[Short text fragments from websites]
* * * * * * * * *

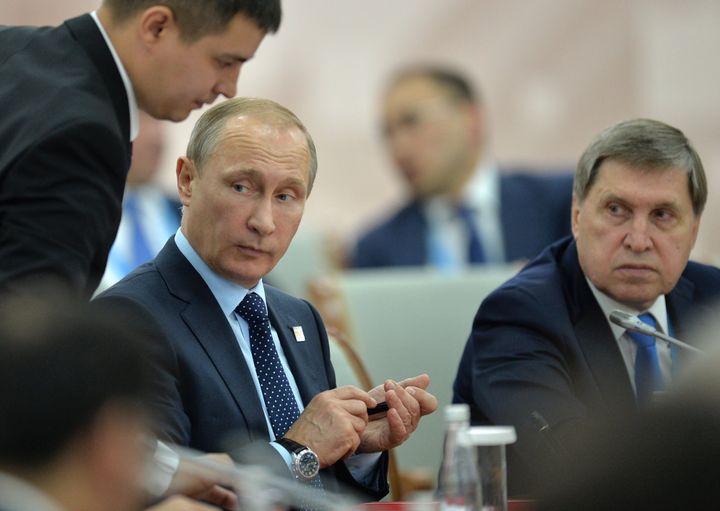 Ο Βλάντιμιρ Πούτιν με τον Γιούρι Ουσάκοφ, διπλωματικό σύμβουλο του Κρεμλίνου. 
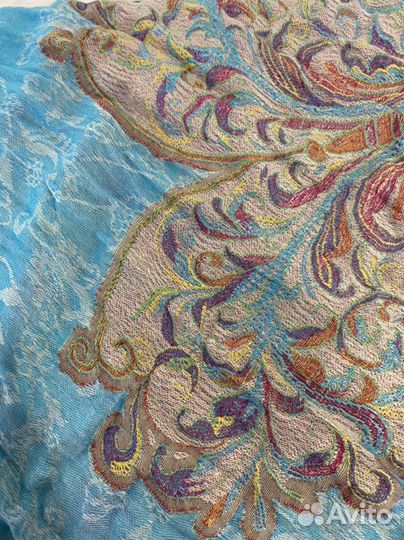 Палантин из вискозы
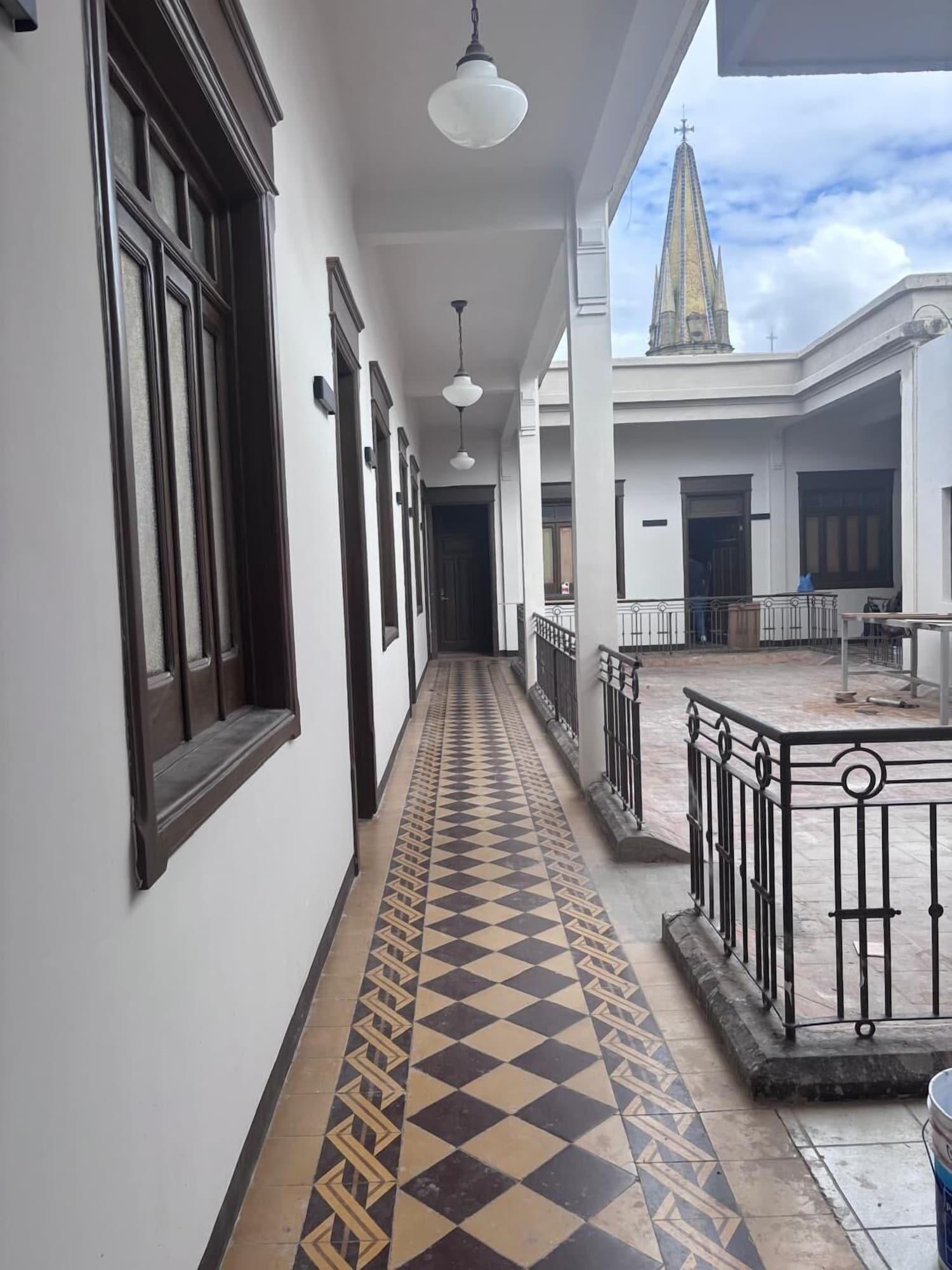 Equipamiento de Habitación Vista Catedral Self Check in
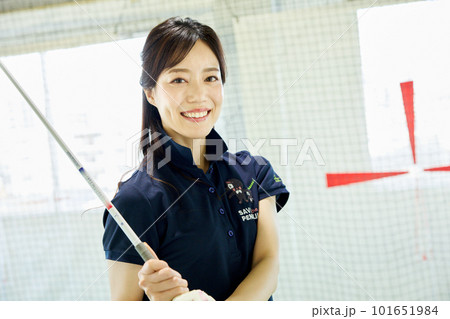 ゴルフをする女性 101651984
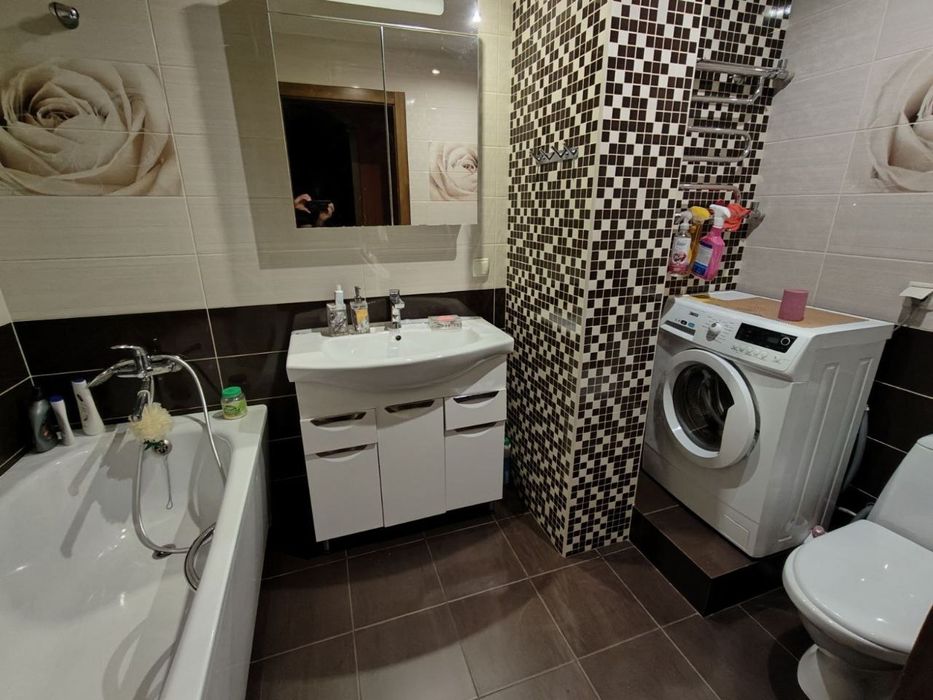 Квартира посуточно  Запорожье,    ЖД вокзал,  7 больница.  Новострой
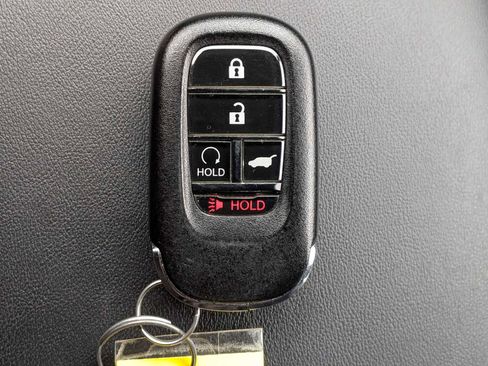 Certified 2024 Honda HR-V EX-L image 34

* * * * * * * * *

■ Try it
Could you reproduce the data above exactly, without its pictures?

■ Response to this exercise
 Ο Βλάντιμιρ Πούτιν με τον Γιούρι Ουσάκοφ, διπλωματικό σύμβουλο του Κρεμλίνου. 
 Палантин из вискозы
 Equipamiento de Habitación Vista Catedral Self Check in
 ゴルフをする女性 101651984
 Квартира посуточно  Запорожье,    ЖД вокзал,  7 больница.  Новострой
 Certified 2024 Honda HR-V EX-L image 34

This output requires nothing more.